18
votes

plyr::mapvalues can be used like this:

mapvalues(mtcars$cyl, c(4, 6, 8), c("a", "b", "c"))

But this doesn't work:

mtcars %>%
dplyr::select(cyl) %>%
mapvalues(c(4, 6, 8), c("a", "b", "c")) %>%
as.data.frame()

How can I use plyr::mapvalues with dplyr? Or even better, what the dplyr equivalent?

3
Try mtcars %>% select(cyl) %>% .$cyl %>% plyr::mapvalues(c(4,6,8), c('a', 'b', 'c'))%>% as.data.frame() - akrun
Or mtcars %>% mutate(x = mapvalues(cyl, c(4, 6, 8), c("a", "b", "c"))) %>% select(x) - Rich Scriven
That works. What does .$cyl do? - luciano
You could use mtcars %>% transmute(cyl = factor(cyl, labels = c("a", "b", "c"))) similarly - talat
@luciano You could change the previous code to mtcars %>% .$cyl %>% plyr::mapvalues(c(4,6,8), c('a', 'b', 'c')) %>% data.frame(cyl=.) - akrun

3 Answers

20
votes

2020 Update: plyr is now a "retired" package and its official guidance suggests using the actively-improved and maintained dplyr package instead. So it's preferable to use only dplyr, in this case dplyr::recode() as in the other answer, and avoid plyr entirely.

To use plyr::mapvalues() with dplyr:

To use it and return a one-column data.frame:

mtcars %>%
  transmute(cyl = plyr::mapvalues(cyl, c(4, 6, 8), c("a", "b", "c")))

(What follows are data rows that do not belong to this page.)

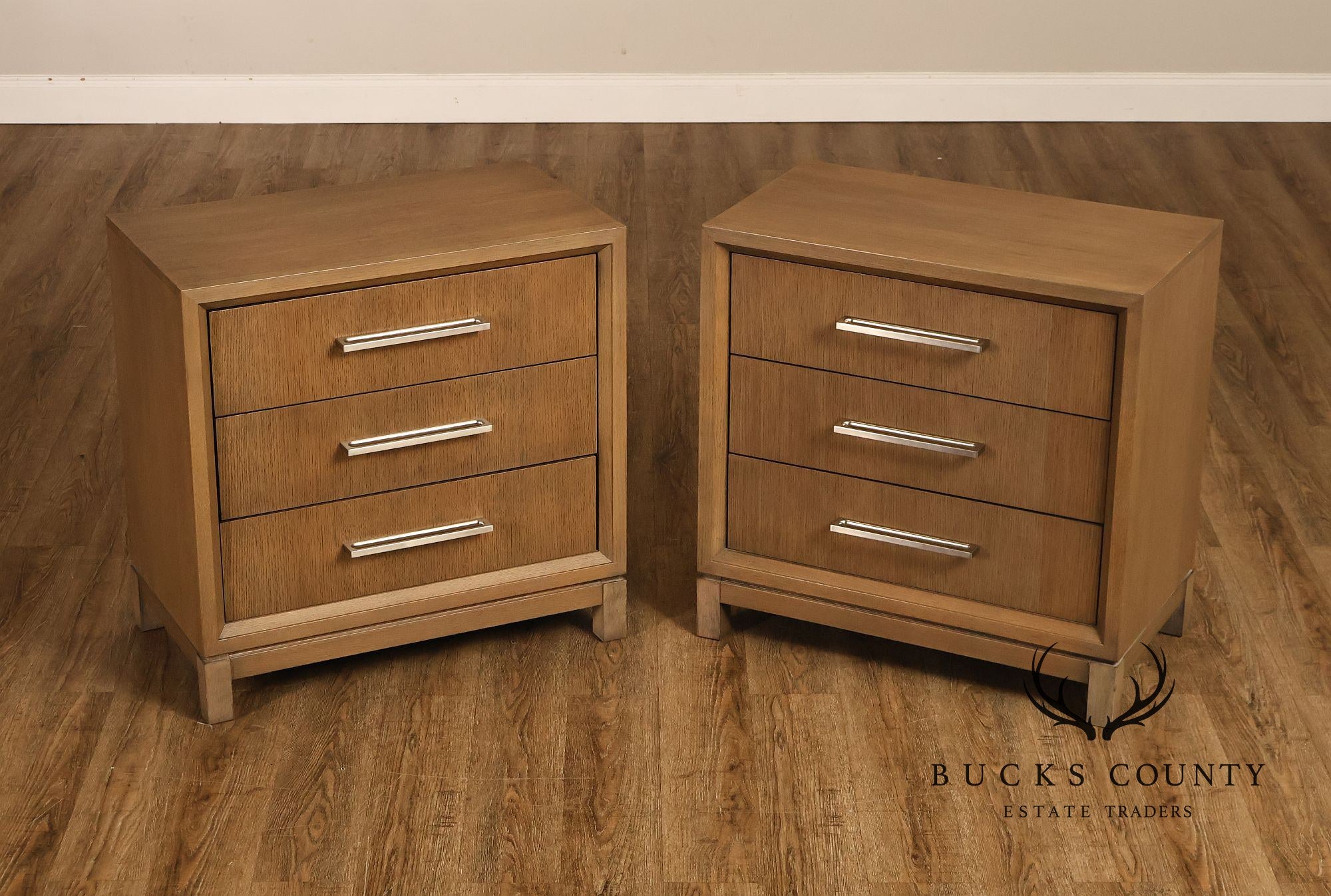 Rachel Ray Home 'Highline' Pair of Bedside Chests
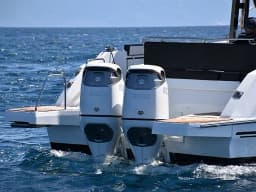 Cap Camarat 10.5 WA in Zadar / Marina Zadar thumbnail 2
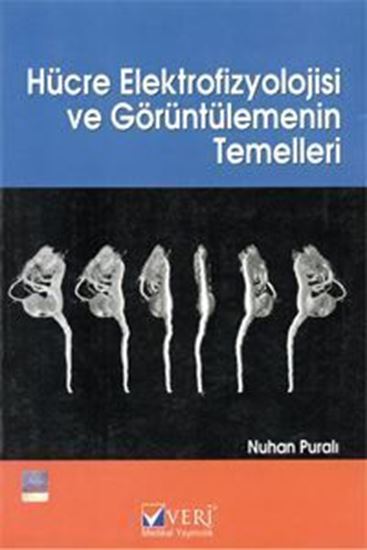 resm Hücre Elektrofizyolojisi Ve Görüntülemenin Temelleri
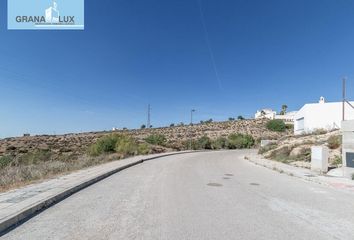 Terreno en  La Zubia, Granada Provincia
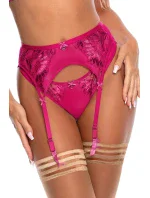 Podvazkový pás model 19580605 - Axami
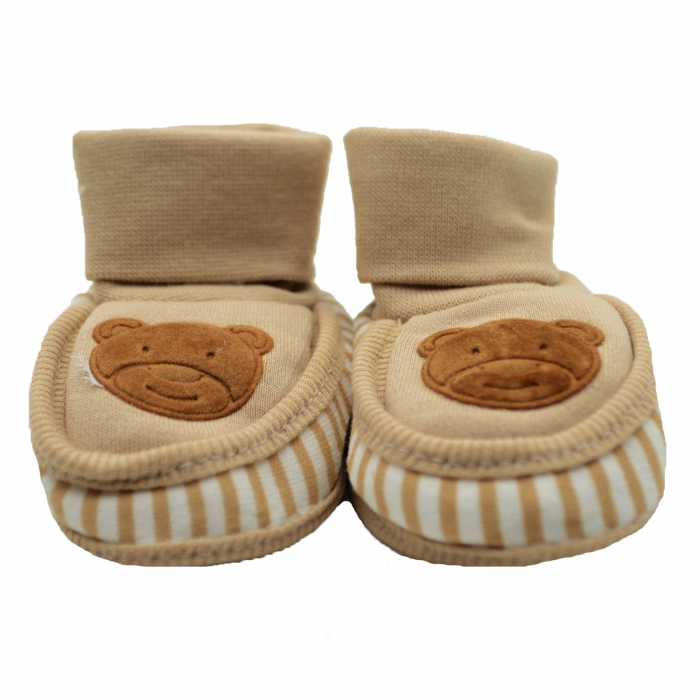 Sosete pentru baieti Mini Junior BTO-9 [2]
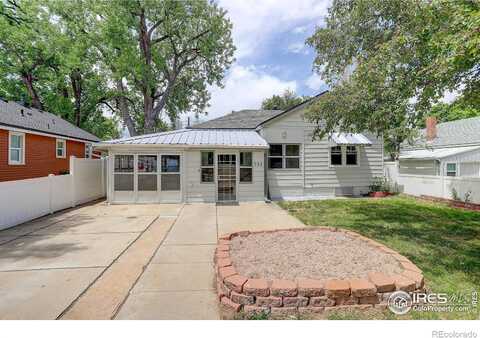 Carbon, ERIE, CO 80516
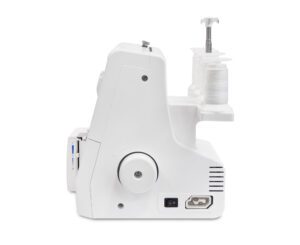 Оверлок 600D Aurora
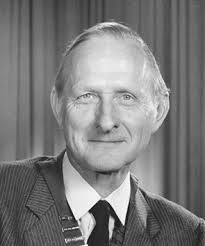 Gordon Edyvean Heard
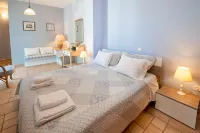 Siorra Elena - balcón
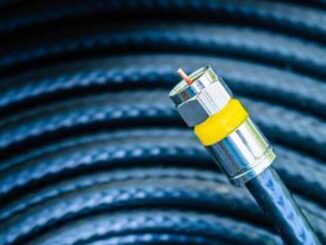 Коаксиальные кабели: типы, характеристики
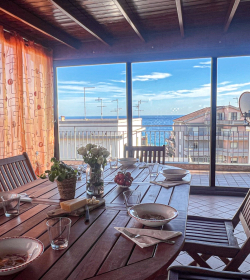 Beach House Roccalumera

Or if you want a single vector output, like in your working example, use pull:

mtcars %>%
  pull(cyl) %>%
  plyr::mapvalues(., c(4, 6, 8), c("a", "b", "c"))

If you are using both dplyr and plyr simultaneously, see this note from the dplyr readme:

You'll need to be a little careful if you load both plyr and dplyr at the same time. I'd recommend loading plyr first, then dplyr, so that the faster dplyr functions come first in the search path. By and large, any function provided by both dplyr and plyr works in a similar way, although dplyr functions tend to be faster and more general.

Though note that you can call mapvalues using plyr::mapvalues if dplyr is loaded without needing to load plyr.

11
votes

As the questions also mentions

Or even better, what the dplyr equivalent?

The equivalent is recode.

http://www.cookbook-r.com/Manipulating_data/Renaming_levels_of_a_factor/

name <- c("John", "Clara", "Smith")
sex <- c(1,2,1)
age <- c(30,32,54)
df <- data.frame(name,sex,age)
df %>% mutate(sex=recode(sex,
`1`="Male",
`2`="Female"))

This will "mapvalues" 1 to Male and 2 to Female.

0
votes

I was a heavy plyr::mapvalues() user. I used it for replacing old values in strings with new ones. Something like:

set.seed(1)
data <- data.frame(name = sample(letters[1:5], 100, replace = TRUE))
check_list <- data.frame(old = letters[1:5], new = LETTERS[1:5])

data$name
#> [1] "a" "d" "a" "b" "e" "c" "b" "c" "c" "a" "e" "e" "b" "b"

plyr::mapvalues(data$name, check_list$old, check_list$new)
#> [1] "A" "D" "A" "B" "E" "C" "B" "C" "C" "A" "E" "E" "B" "B" ...

Please correct me if I am wrong, but there is not an equally short and tidy dplyr way of doing this. You can still do it with dplyr::recode(), however:

dplyr::recode(data$name, !!!setNames(check_list$new, check_list$old))
#> [1] "A" "D" "A" "B" "E" "C" "B" "C" "C" "A" "E" "E" "B" "B" ...

As it says in the documentation, the order for the named vector is old (name) = new (value), which is the opposite to dplyr::mutate() and dplyr::rename() functions (when writing, might have been fixed later).

Adding this as an answer because I keep Googling how to do it when I forget and could not find the answer quickly. Perhaps now I can. The solution is modified from the last two lines of Examples in the function documentation.